** WHAT YOU ARE ASKED TO DO **
Where the line containing "2025 Porsche Macan" appears, begin retyping; continue exactly through the final line of the data. Omit every picture.

-------- EXERCISE DATA

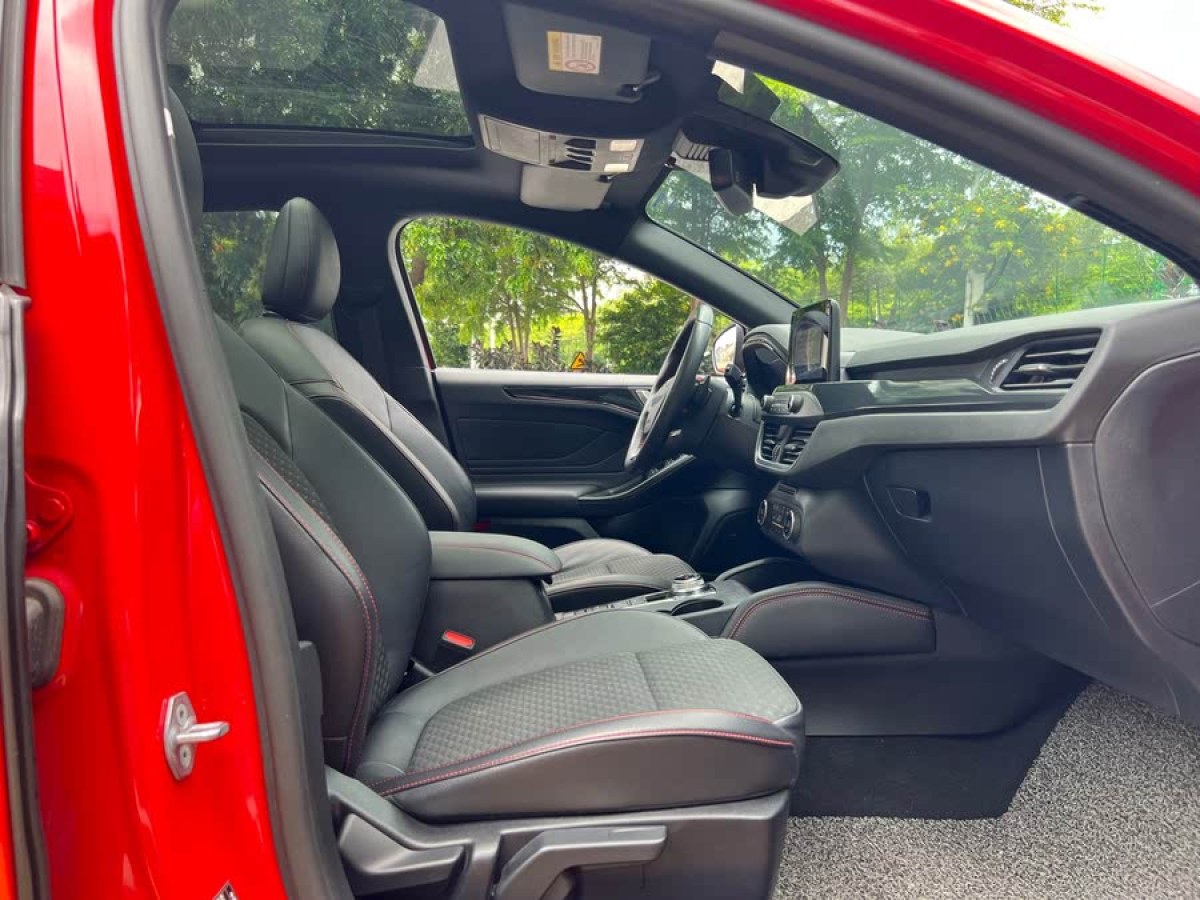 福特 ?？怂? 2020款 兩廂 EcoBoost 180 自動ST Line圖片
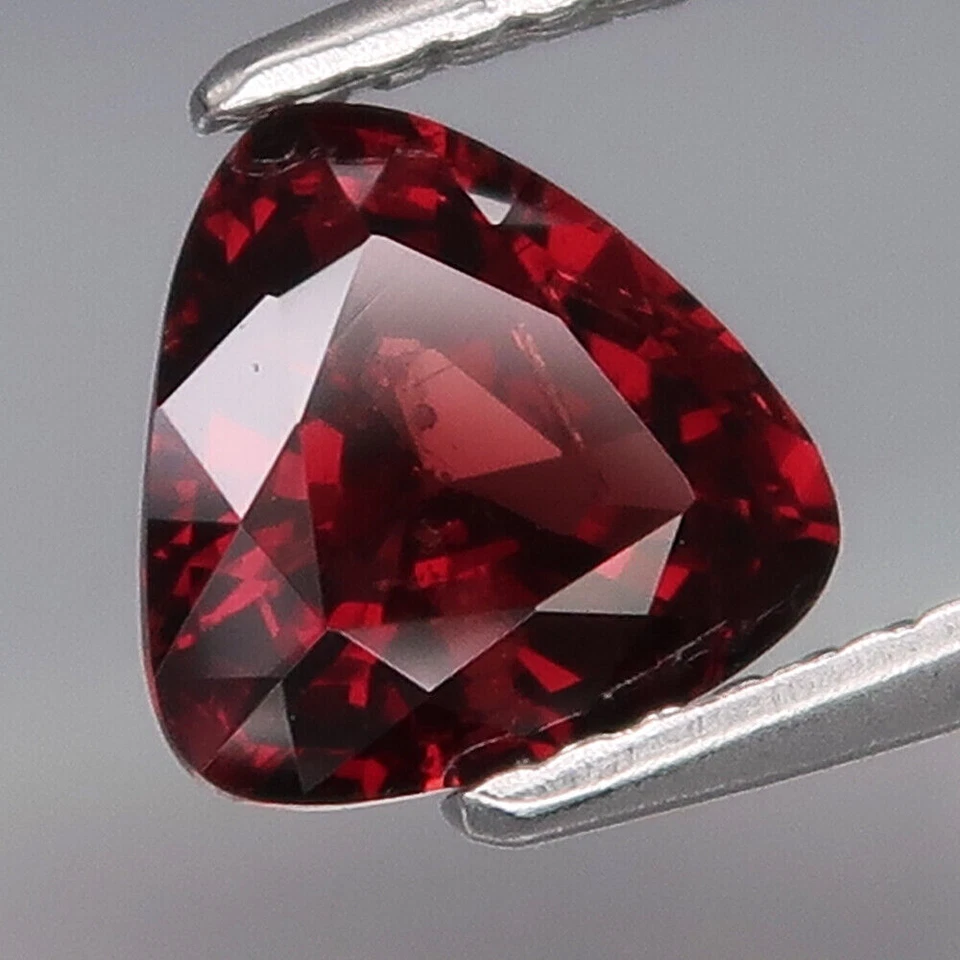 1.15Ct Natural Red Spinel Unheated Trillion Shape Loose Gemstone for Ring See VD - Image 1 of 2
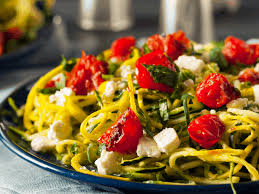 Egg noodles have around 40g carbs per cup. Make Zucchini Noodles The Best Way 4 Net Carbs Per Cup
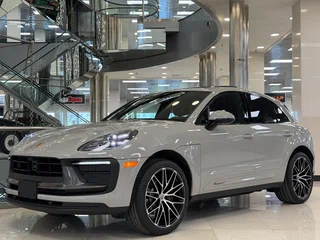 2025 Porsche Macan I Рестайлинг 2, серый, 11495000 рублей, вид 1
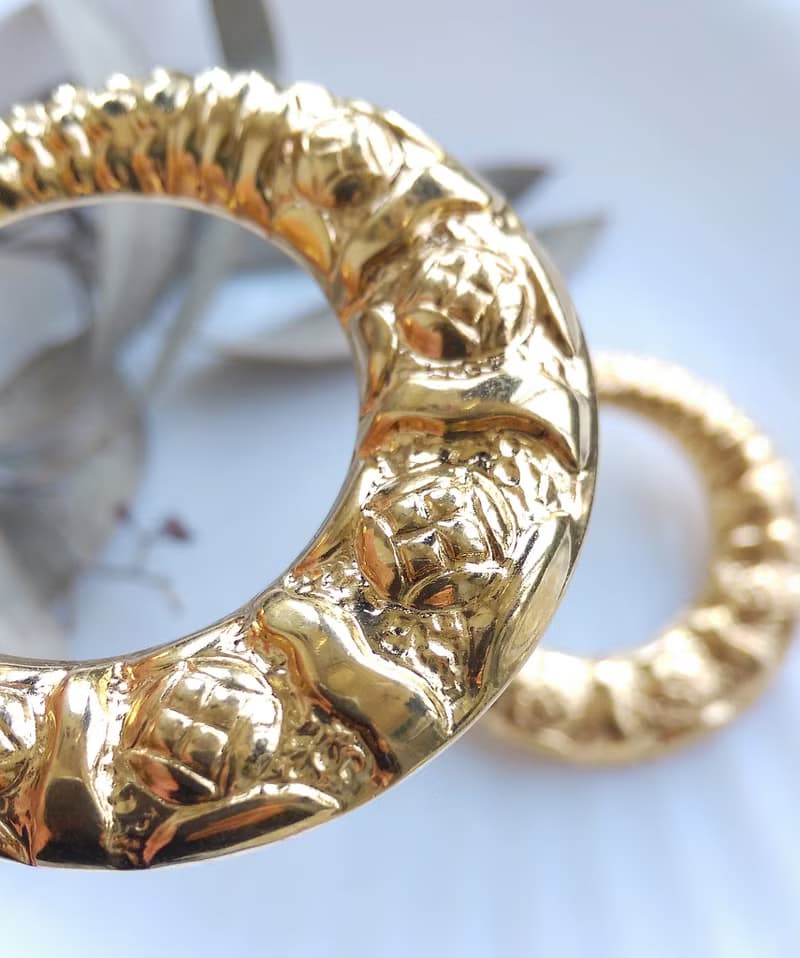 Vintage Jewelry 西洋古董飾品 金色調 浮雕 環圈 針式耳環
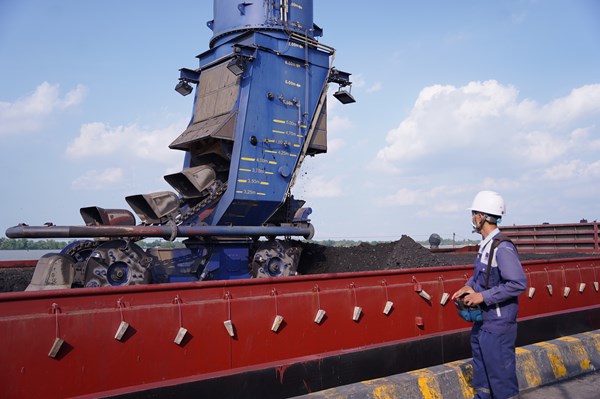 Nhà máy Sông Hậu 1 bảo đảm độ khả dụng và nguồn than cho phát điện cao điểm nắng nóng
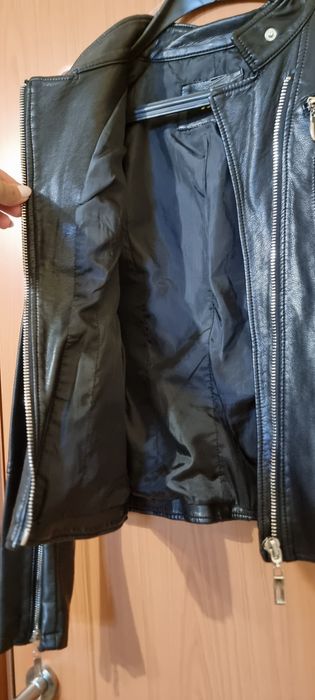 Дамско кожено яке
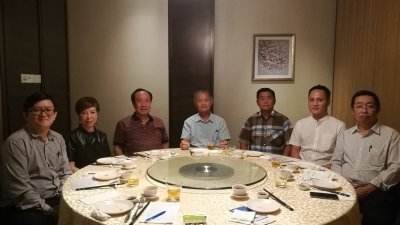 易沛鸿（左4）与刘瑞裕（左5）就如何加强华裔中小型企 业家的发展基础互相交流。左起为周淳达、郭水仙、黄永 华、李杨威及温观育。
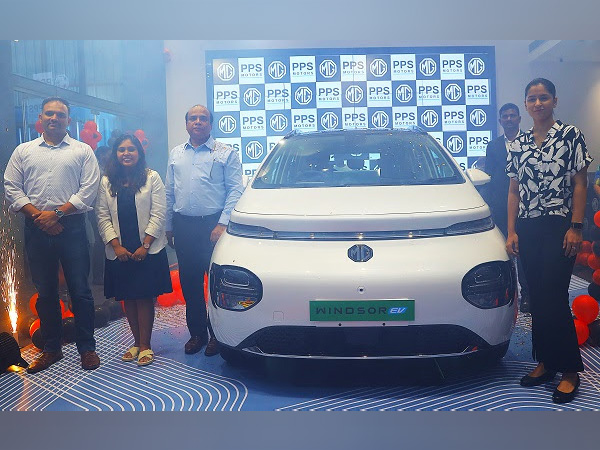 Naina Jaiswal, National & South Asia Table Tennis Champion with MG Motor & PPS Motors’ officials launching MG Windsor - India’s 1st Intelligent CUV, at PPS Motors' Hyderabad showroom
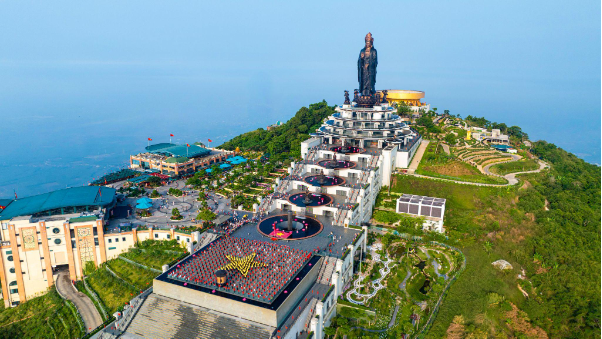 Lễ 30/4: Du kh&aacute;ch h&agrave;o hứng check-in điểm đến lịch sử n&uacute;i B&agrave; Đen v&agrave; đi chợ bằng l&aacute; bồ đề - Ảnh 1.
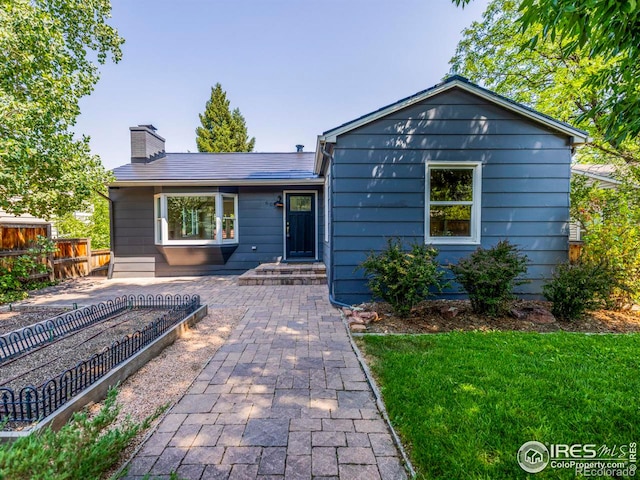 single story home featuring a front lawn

----------------

** RESULT FOR THIS EXERCISE **
 2025 Porsche Macan I Рестайлинг 2, серый, 11495000 рублей, вид 1
 Vintage Jewelry 西洋古董飾品 金色調 浮雕 環圈 針式耳環
 Nhà máy Sông Hậu 1 bảo đảm độ khả dụng và nguồn than cho phát điện cao điểm nắng nóng
 Дамско кожено яке
 易沛鸿（左4）与刘瑞裕（左5）就如何加强华裔中小型企 业家的发展基础互相交流。左起为周淳达、郭水仙、黄永 华、李杨威及温观育。
 Naina Jaiswal, National & South Asia Table Tennis Champion with MG Motor & PPS Motors’ officials launching MG Windsor - India’s 1st Intelligent CUV, at PPS Motors' Hyderabad showroom
 Lễ 30/4: Du kh&aacute;ch h&agrave;o hứng check-in điểm đến lịch sử n&uacute;i B&agrave; Đen v&agrave; đi chợ bằng l&aacute; bồ đề - Ảnh 1.
 single story home featuring a front lawn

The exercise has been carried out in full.